*TASK TO COMPLETE:* Copy every line from the one that holds "샌프란시스코 피어39 맛집 크랩하우스 부댕 베이커리" to the end of the records below, exactly and with nothing else, but without any pictures.

*DATA FOR REVIEW:*
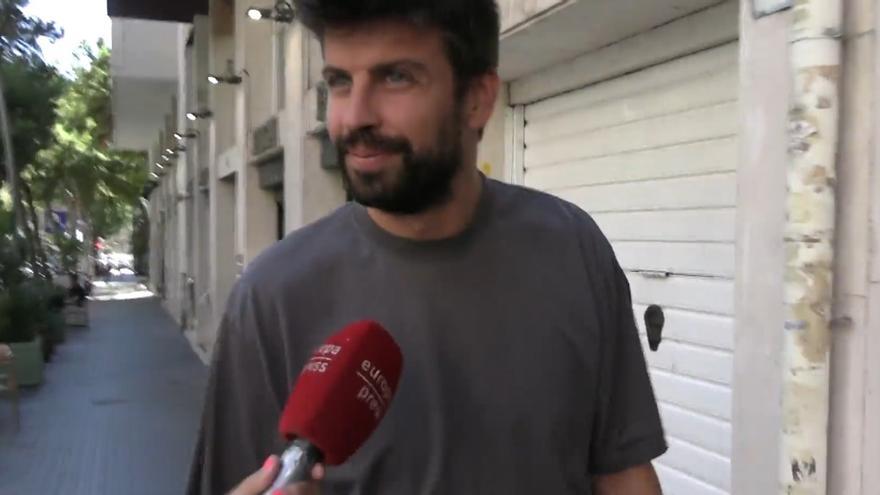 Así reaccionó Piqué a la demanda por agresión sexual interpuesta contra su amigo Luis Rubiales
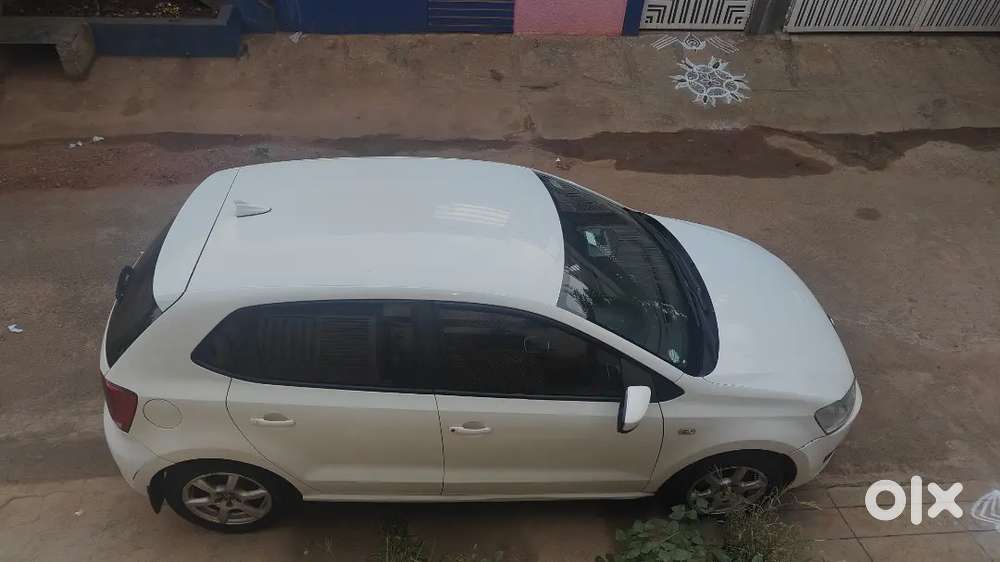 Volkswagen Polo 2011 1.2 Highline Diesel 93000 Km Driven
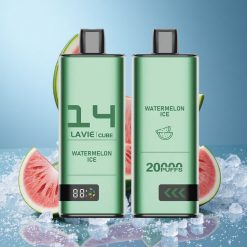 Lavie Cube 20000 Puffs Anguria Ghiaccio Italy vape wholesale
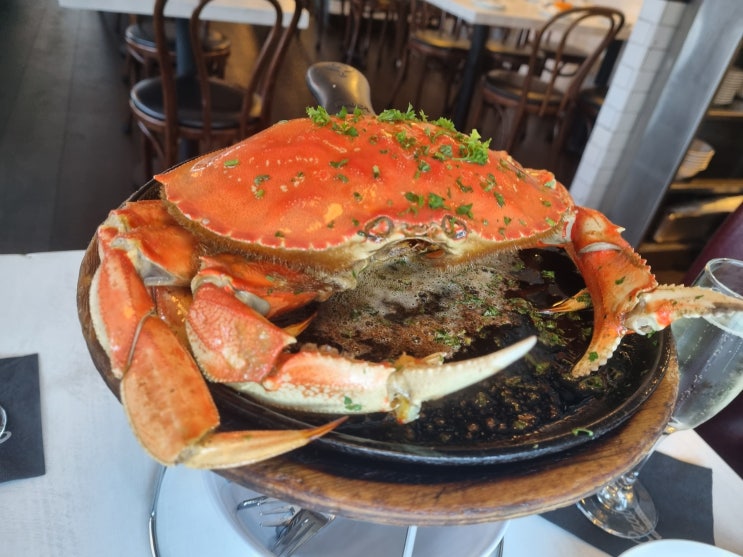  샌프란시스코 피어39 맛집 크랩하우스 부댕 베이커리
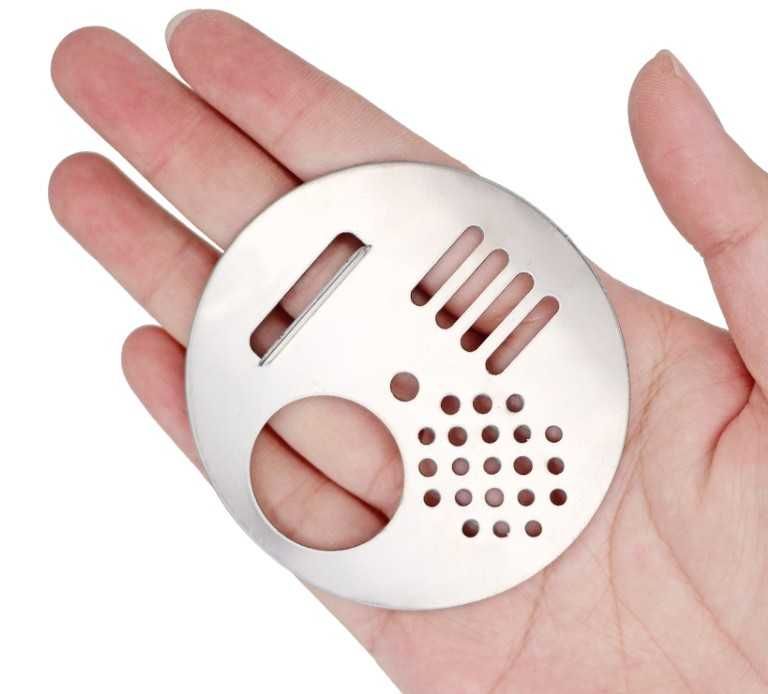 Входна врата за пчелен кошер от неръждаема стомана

*ANSWER BELOW:*
  샌프란시스코 피어39 맛집 크랩하우스 부댕 베이커리
 Входна врата за пчелен кошер от неръждаема стомана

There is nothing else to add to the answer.